In June of 1997, Jonathon Levin, son of Time Warner Chief Gerald Levin, was allegedly tortured into giving out his ATM card access code before he was murdered, then he was robbed of $800 via an ATM in New York City.

According to New York Times reports, hopes were high that photos taken from a nearby surveillance camera would identify the murderers. However, the surveillance camera that showed Levin’s killer was too blurry for a positive identification. The camera was located at a nearby fire escape. In New York, at least one camera is required to record activity in the area of the ATM machine; however, individual cameras on each cash machine are not required … yet.

The Levin murder and other crimes fuel timely questions about ATM security and legislation, such as: What can be done to increase safety at ATMs? What is current legislation doing to decrease ATM crime? What are the trends in ATM usage, and where will security precautions be necessary?
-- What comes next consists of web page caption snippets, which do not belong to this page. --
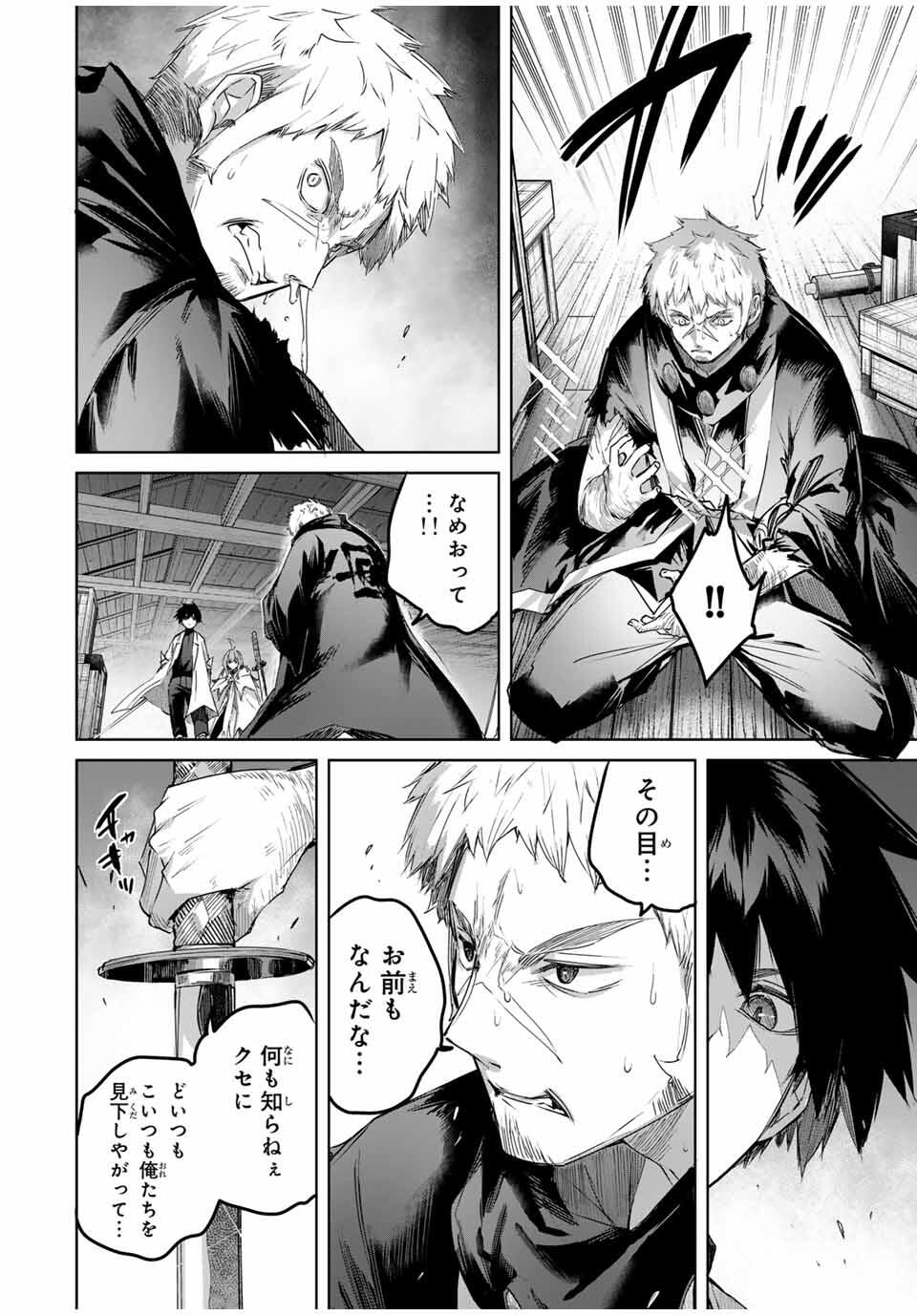 Henkyou no Yakushi, Miyako de S Rank Boukensha to naru Chap 71 - Next Chap 72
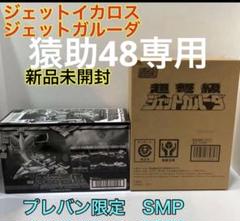 ジェットガルーダ　ジェットイカロス　ジェットマン　ミニプラ　smp プレバンのサムネイル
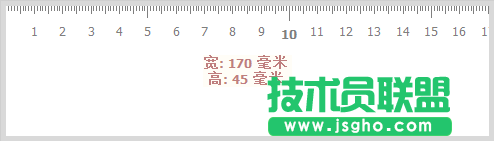 设计工作者用哪些屏幕尺子工具？强大的屏幕尺子工具下载推荐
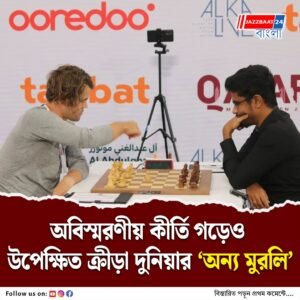 আনন্দ-গুকেশরা যা পারেননি, করে দেখিয়েছেন সেটাই! কার্লসেনকে কালো ঘুঁটিতে মাত দেওয়া একমাত্র ভারতীয় গ্র্যান্ডমাস্টারকে চেনেন কি?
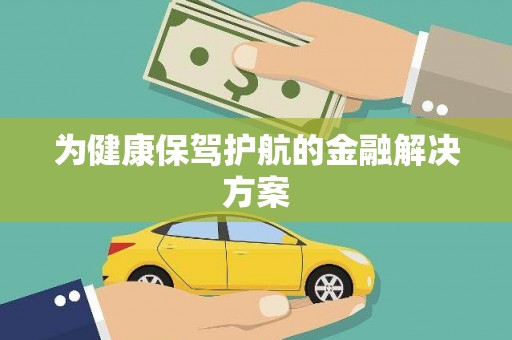 林西为健康保驾护航的金融解决方案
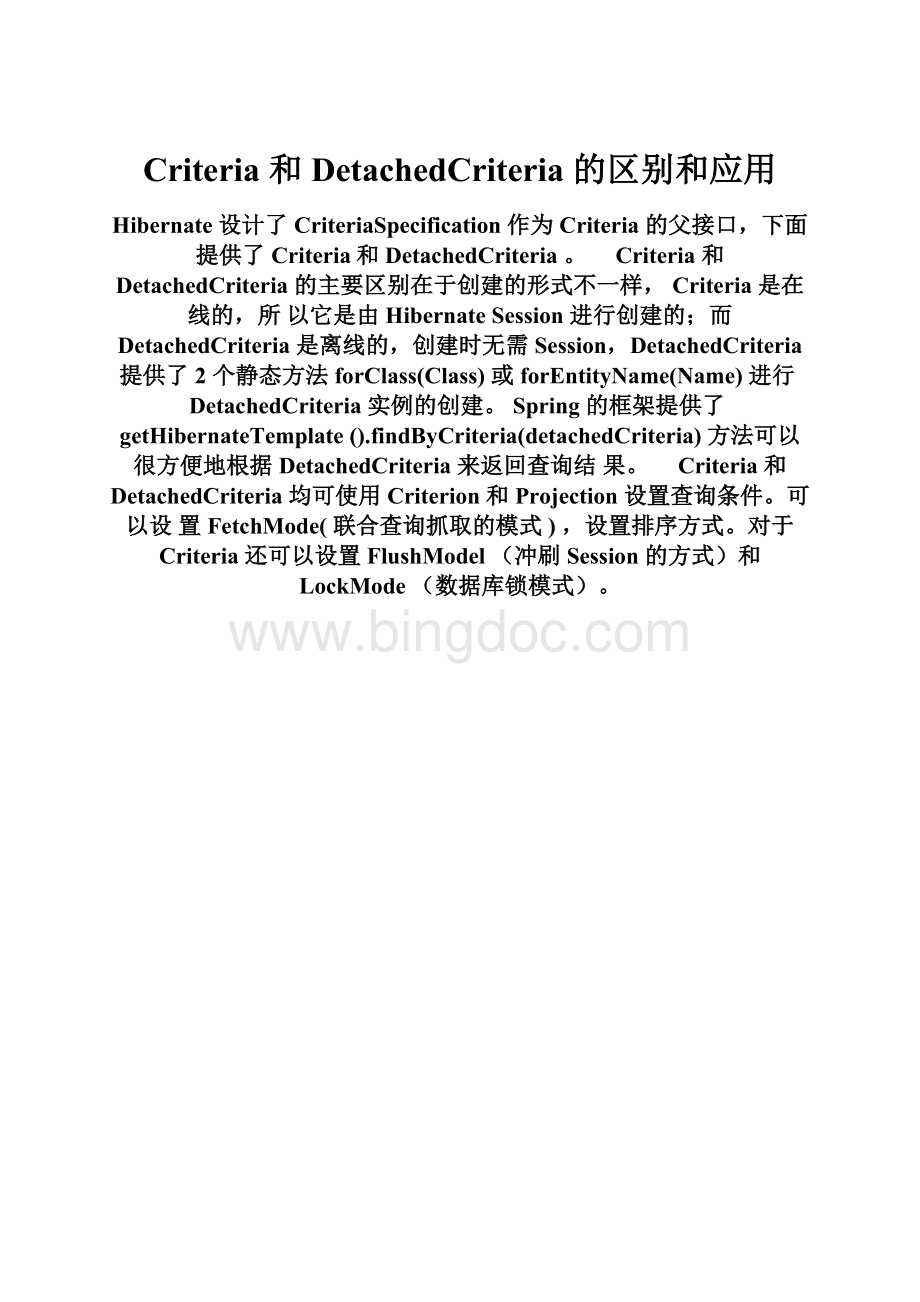 Criteria 和 DetachedCriteria 的区别和应用Word文件下载.docx_第1页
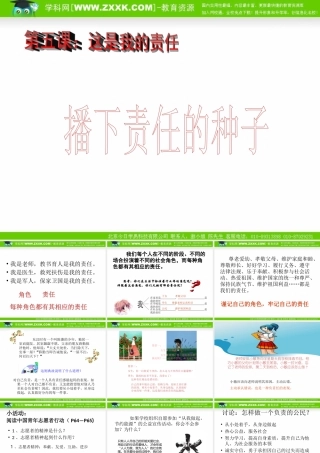 播下责任的种子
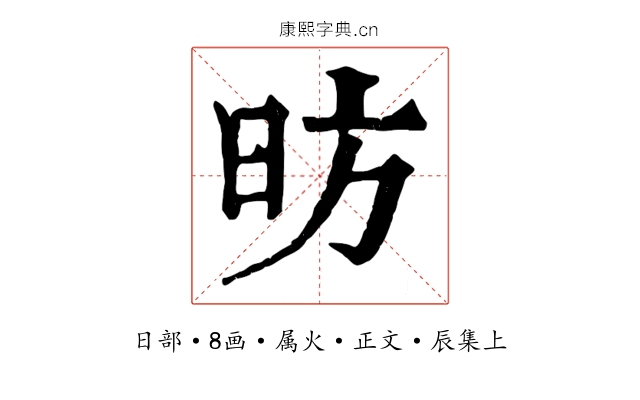 昉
Answers to these questions should help you decide whether ATM security is a viable niche for you.

1. Can current legislation help you in your efforts to decrease ATM crime?

Legislation regarding safety at ATMs has been enacted in 12 states. (See chart accompanying story.) In 1990, California introduced Assembly Bill 244, which regulates ATM security through the consideration of the following areas: lighting, landscaping, incidence of crime, ATM safety information, cameras, hours of operation and customer awareness.

Although ATM security and lighting laws vary, AB 244 became the most popular precedent for 11 other states motivated to implement such laws-Florida, Georgia, Illinois, Louisiana, Maryland, Nevada, New Jersey, New York, Oregon, Texas, Washington.

The states that have enacted these laws believe the safety laws set a minimum objective “standard of care” for adequate ATM security and if met or exceeded will assist operators of ATMs in the defense of allegations of negligence. The bottom line for banks, credit unions and thrifts is that compliance with ATM security laws will create a refutable presumption that the operator of the ATM or night depository has provided adequate measures for the safety of its users.

But what does this mean to a security dealer and installing contractor? All legislative remedies known to date involve physical security improvements at ATMs. Opportunities are great for creative marketing of physical ATM security products and services. Banks and credit unions are looking to partner with security dealers who can offer cost-effective products and services.

The market is exploding with new technologies that spell profit for a contractor who understands how to package the product and deliver it with value-added services to the end user.

2. Is ATM security a viable niche for security dealers?

Only you can really answer this one. However, certainly somebody should benefit from the current trend of banks upgrading their ATM equipment to comply with state laws. And, if you become familiar with the state laws and requirements, your chances of success will be even greater.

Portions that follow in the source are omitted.